What is required ::
Once you reach the line containing "Vineyard Vines Breaker", return it and every line after it exactly, through the end of the records below, with no pictures.

□ □ □ □ □ □ □

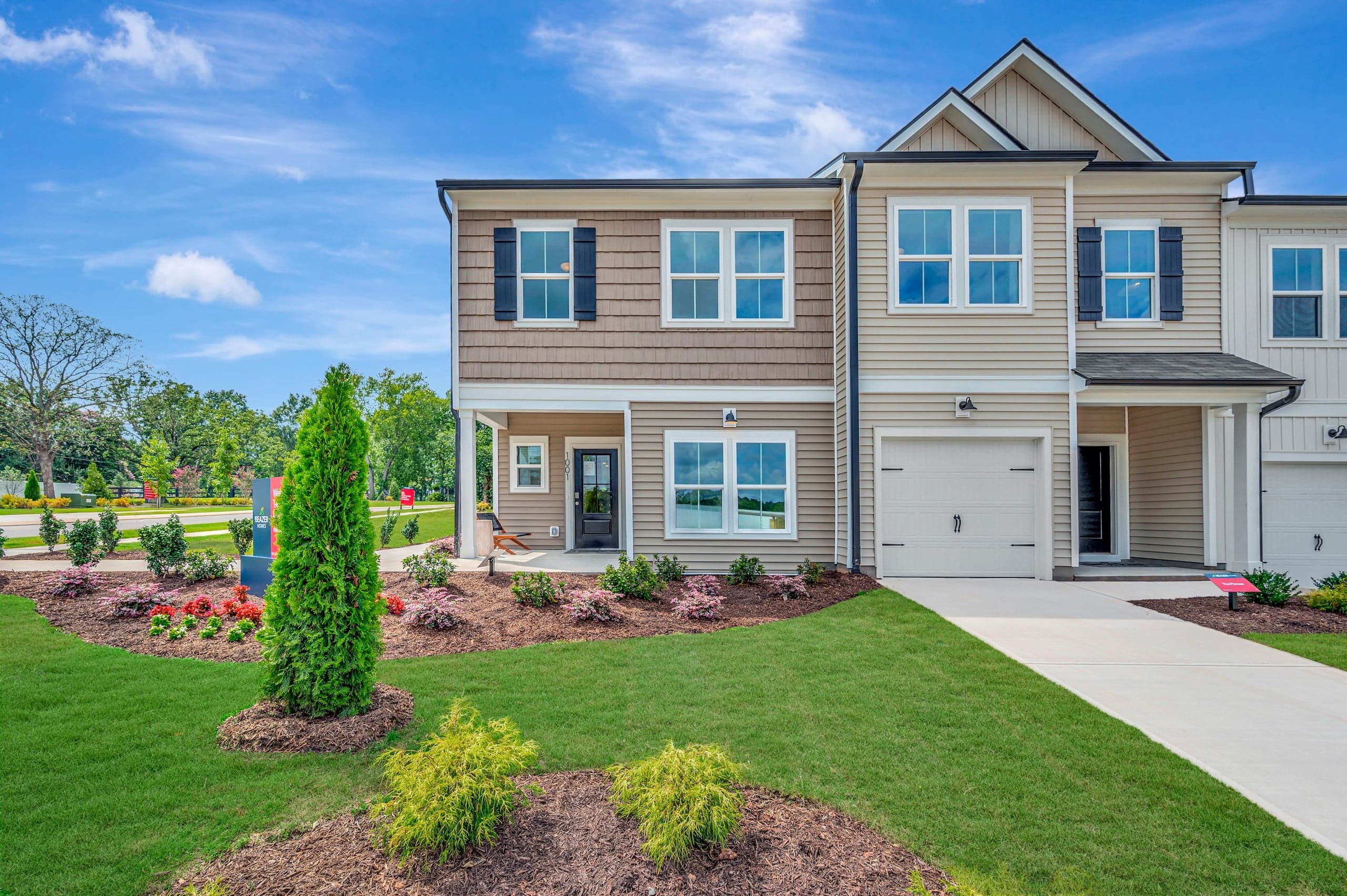 two-story townhome exterior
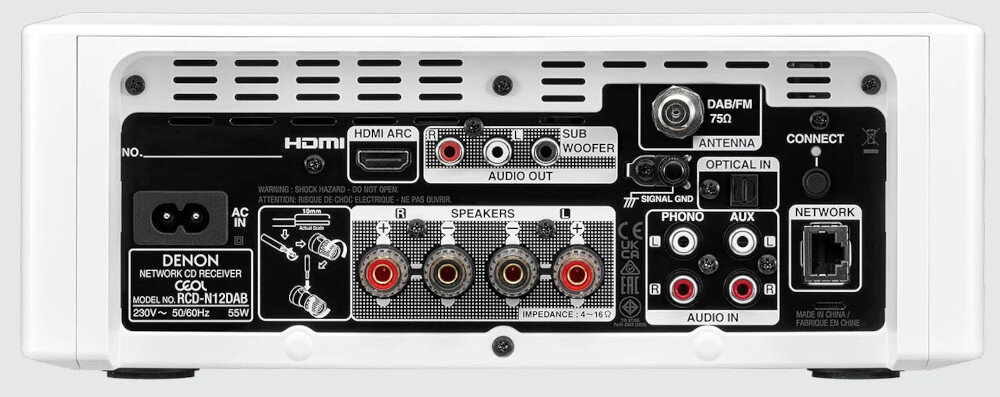 Wieża DENON Ceol N12 DAB  - złącza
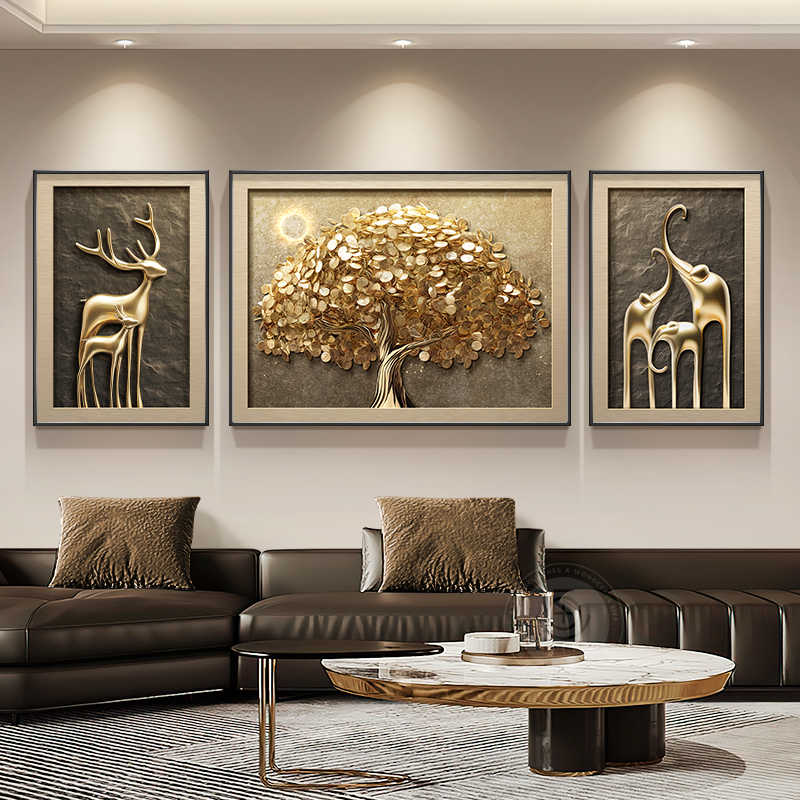 Fortune tree atmospheric living room decoration painting modern light luxury elephant sofa background wall hanging painting advanced sense triple mural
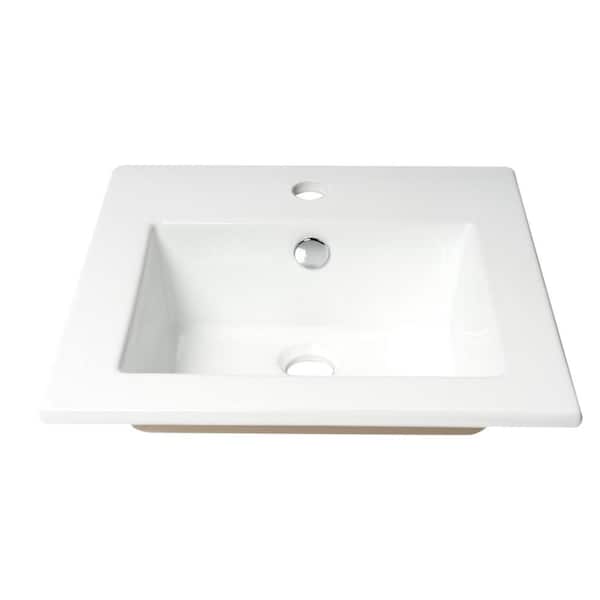 ALFI BRAND ABC801 16.38 in. Drop In Bathroom Sink in White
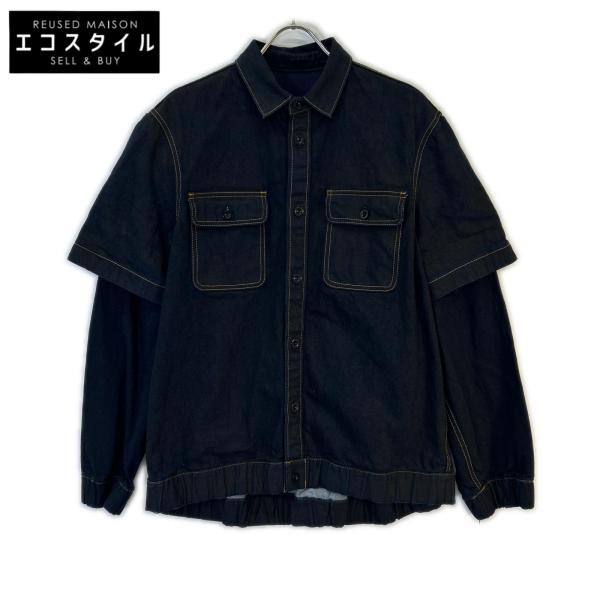 sacai サカイ 24-03438M インディゴ デニムプリント ドッキングシャツ 1 sacai（サカイ） 24-03438M インディゴ デニムプリント ドッキング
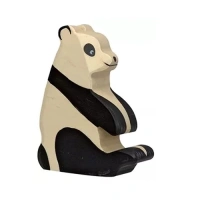 Holztiger Pandabeer zittend van 12 cm als handgemaakte houten dierfiguur.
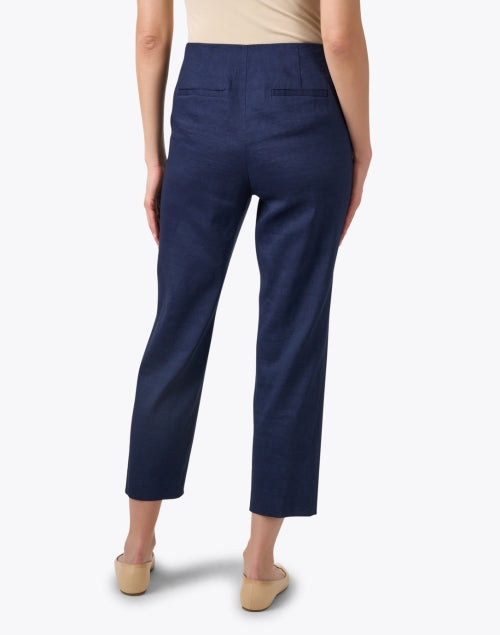Navy Tori High - Quality Linen Blend Ankle - Length Pull - On Pants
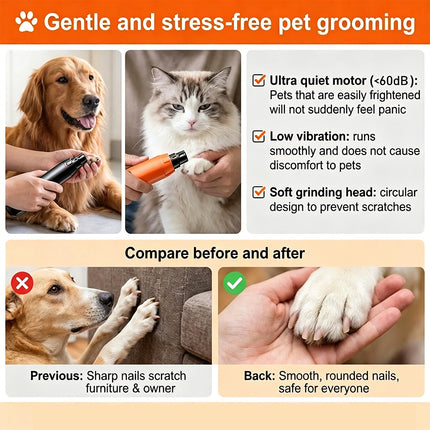 Pet Clippers Dog Cat Nail Claw Grooming Grinder Trimmer Electric Nail File Orange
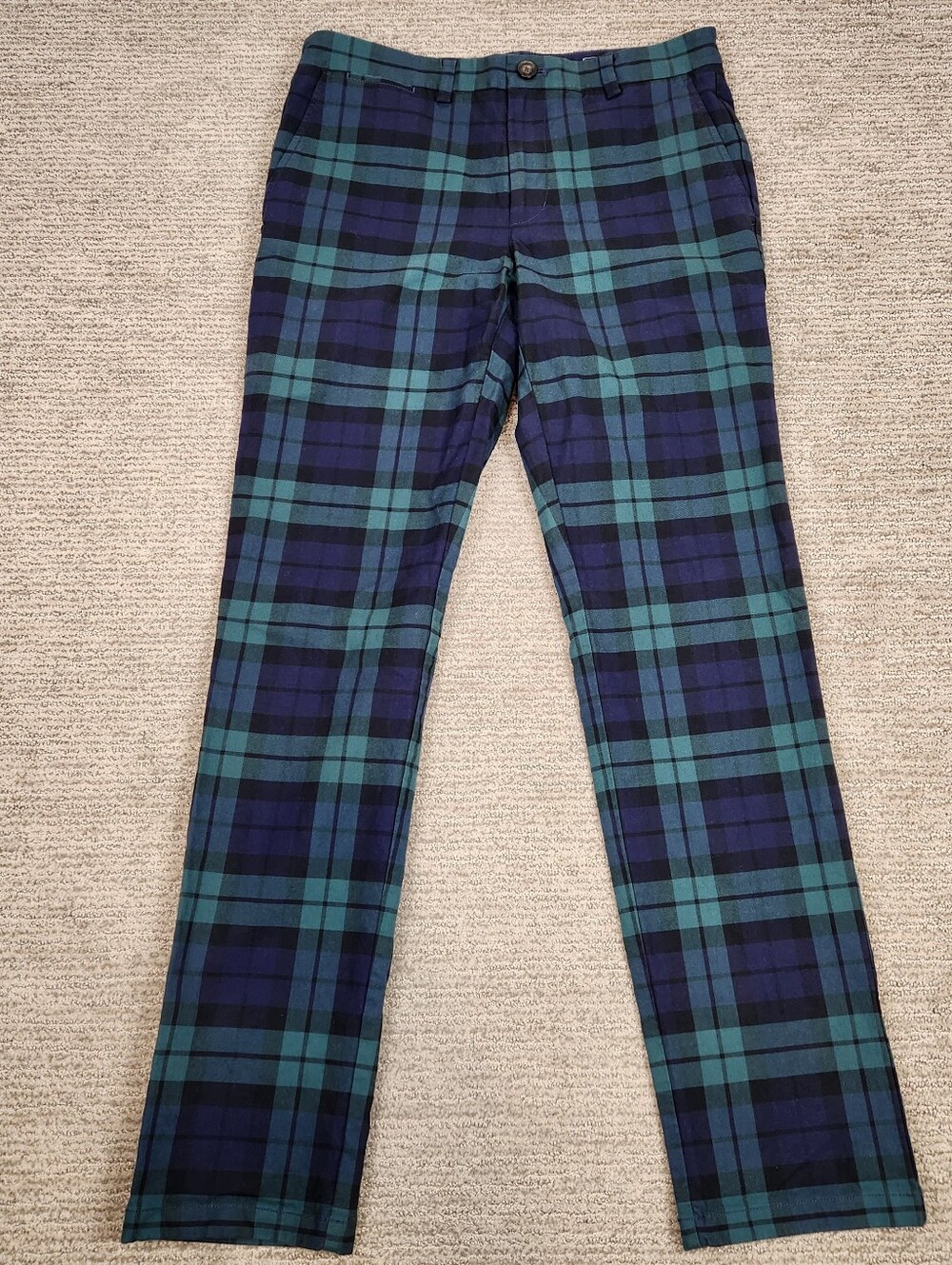 Vineyard Vines Breaker Pant Mens 30x31 Navy Green Plaid Tapered Golf Preppy
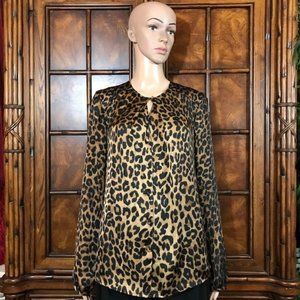 Jones New York Regal Leopard Charmeuse Keyhole Button Up Blouse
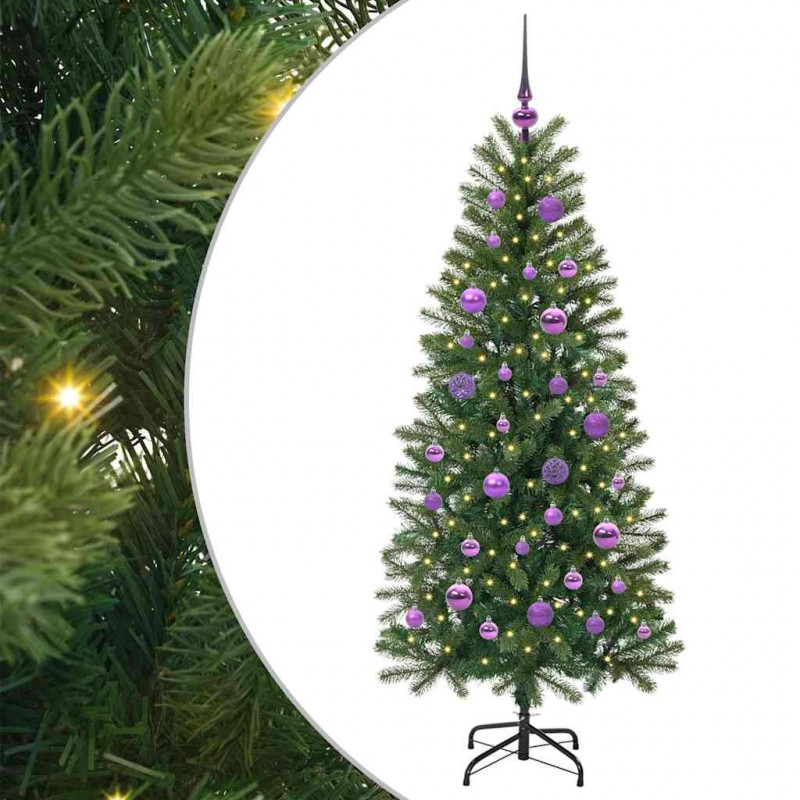 Sztuczna choinka z 150 diodami LED Zielony 150 cm PE i PVC
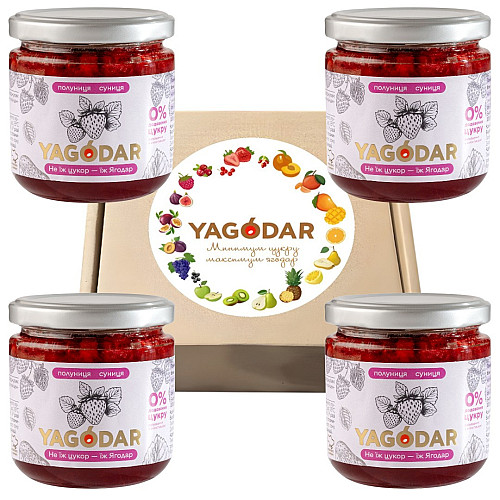 Джемы без сахара YAGODAR Клубника с земляникой 4 шт (2344975540)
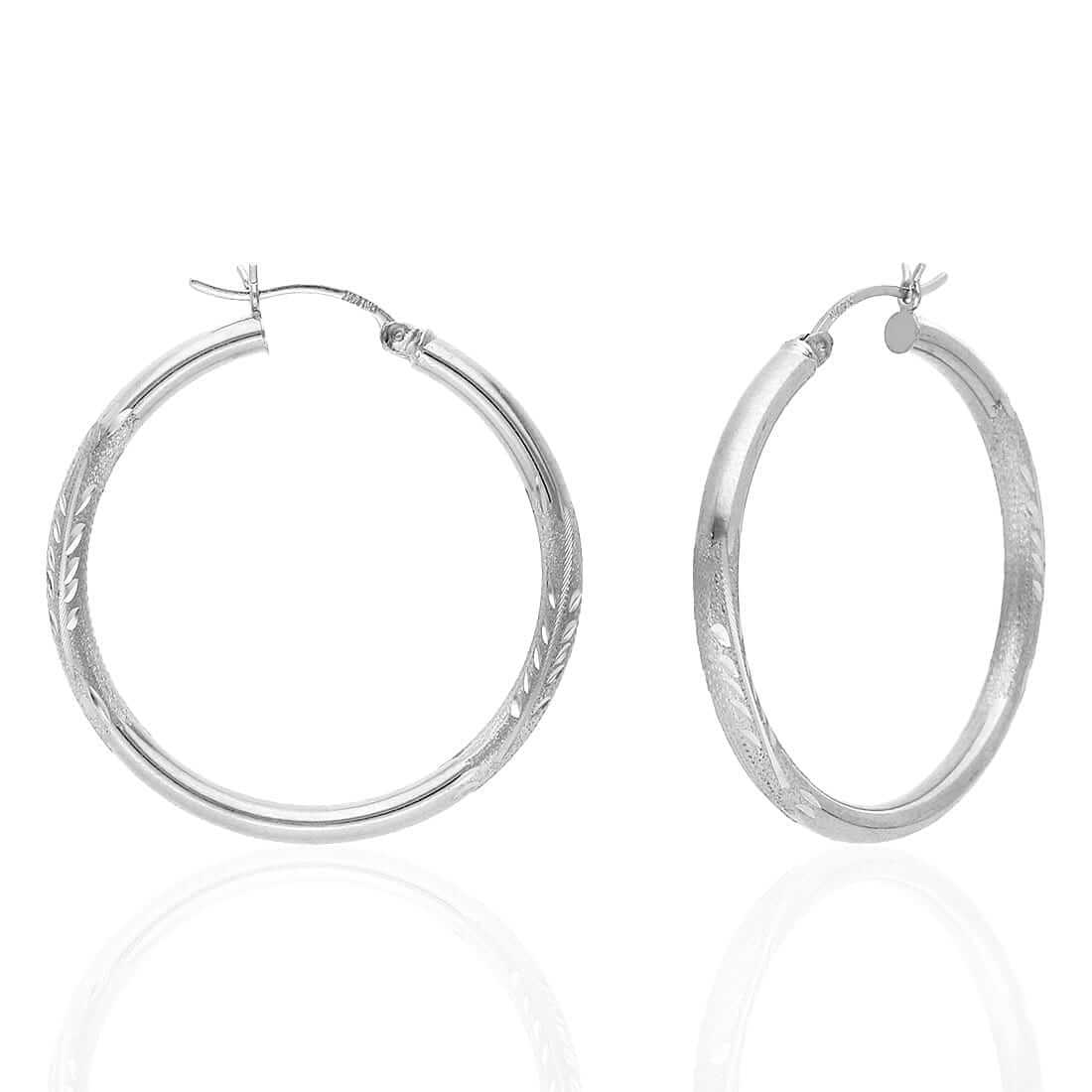 14K Solid Yellow & White Gold 3mm Diamond-Cut Finish Hoop Earrings 19-75mm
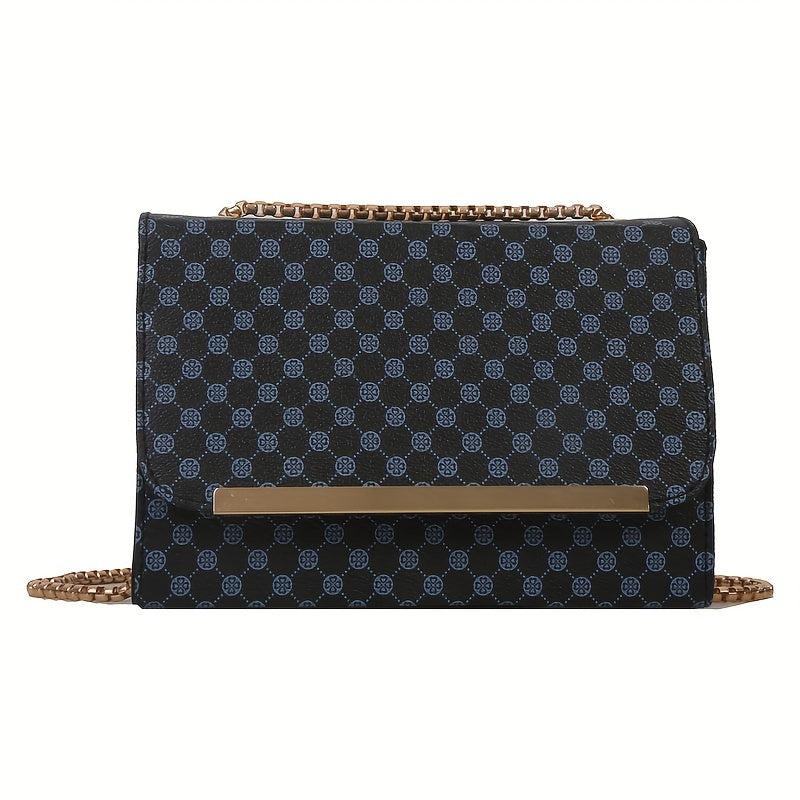 Vintage Chain Crossbody Bag Polka Dot Print Square Purse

□ □ □ □ □ □ □

Reply to the task ::
 Vineyard Vines Breaker Pant Mens 30x31 Navy Green Plaid Tapered Golf Preppy
 Jones New York Regal Leopard Charmeuse Keyhole Button Up Blouse
 Sztuczna choinka z 150 diodami LED Zielony 150 cm PE i PVC
 Джемы без сахара YAGODAR Клубника с земляникой 4 шт (2344975540)
 14K Solid Yellow & White Gold 3mm Diamond-Cut Finish Hoop Earrings 19-75mm
 Vintage Chain Crossbody Bag Polka Dot Print Square Purse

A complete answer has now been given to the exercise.